As someone who is pursuing a career in Criminal Justice, my bubble was popped almost immediately of the reality of how things truly occur in this field.

Long story short, to answer the question that has peaked your interest, Criminal Minds does a phenomenal job of getting absolutely nothing correct.

I know.. I know.. you may be feeling as though the rug has been pulled out right from under you and I know it must hurt feeling betrayed this way, but bear with me as I open your eyes to the beautiful world of Criminal Justice.

1. Advanced Technology

Screenshot taken by Author from the show Criminal Minds on Netflix

As convenient as it would be to have a Penelope Garcia in the field, unfortunately it takes longer than a couple of minutes or hours to receive information about evidence retrieved from the crime scene.

The high tech on the show does not exist and it takes much longer to receive results when concerning trace evidence, associate evidence, prima facie evidence, etc., on a scene.

It takes anywhere from 8 months to a year to receive results on evidence, which most times is pushing it.

The high tech that is able to immediately match fingerprints or handwriting to a person is inaccurate as well.

A person’s fingerprints will only be matched if they have already committed a crime and been put into the AFIS which stands for Automated Fingerprint Identification Systems.

Both matching fingerprints and handwriting to a person is done manually and several characteristics must align before being certain it is a match.

2. Entering A Crime Scene

Unlike the easy process of breaking through the crime scene tape and entering the scene without permission from your agency, when entering a crime scene there is always someone who has a crime scene log in which you have to sign in and out of each time you go into the crime scene.

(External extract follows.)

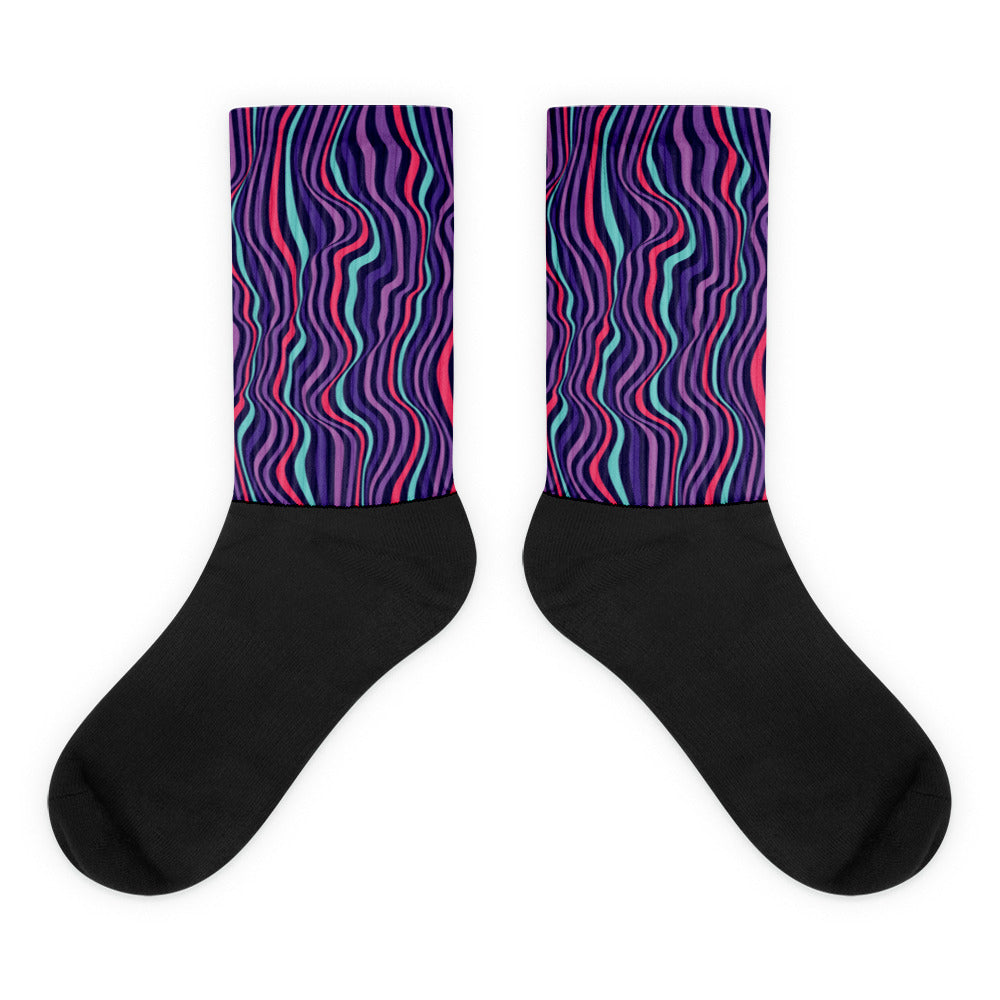 Multicolor Curved Lines - Sustainably Made Socks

If you fail to do so, you put yourself at the risk of being accused of lying, tampering with evidence, and losing your job.

3. Obtaining Evidence

When obtaining evidence this is the most tedious and crucial part of a crime scene, if any evidence is tampered with, mishandled, or not secured properly it puts the entire case at risk.

Each piece of evidence must be sketched, photographed, and notes must be written down with as much detail as possible such as, where the evidence is positioned, what it looks like, the size of the evidence, and etc.

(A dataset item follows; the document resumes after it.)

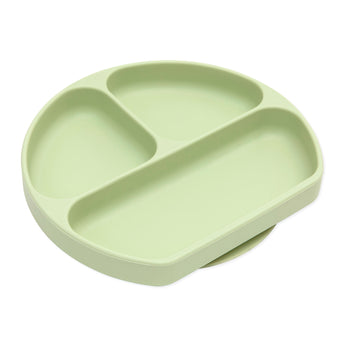 Bumkins Silicone Grip Dish: Sage is a light green round dish with 3 compartments and a suction base, made of food-safe silicone.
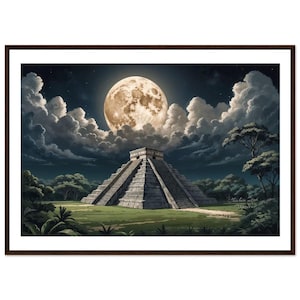 Chichén Itzá Framed Poster, Chichén Itzá Mexico Art, Chichén Itzá Premium Matte Paper Wooden Framed Poster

It is very difficult to be a crime scene investigator and preserve as much evidence as possible, because several people are on the scene before they arrive such as family, first responders, officers, and detectives which could lead to several pieces of evidence being moved or destructed.

4. Entering Property

Several characters in the show enter properties without utilizing the proper protocol, it is illegal to enter one’s property without probable cause and a warrant which is supported by the 4th Amendment.

If any evidence is obtained through this illegal search it is inadmissible in court.

So basically, most of the evidence that was acquired in the show should not have held weight in court and they all should’ve been fired several seasons ago.

5. Blood Splatter

This has to be one of the most annoying things done on the show, if you ever refer to this image as blood splatter, please know this term doesn’t exist and will drive any person in forensics insane. The proper term is blood spatter! Just use this quote to help remind yourself that, “blood spats not splats!”.

Now that you no longer suffer from what we refer to as the CSI effect: the phenomenon in which jurors hold unrealistic expectations of forensic evidence and investigation techniques, I hope you feel more enlightened and even more intrigued by the processes and procedures in the Criminal Justice field.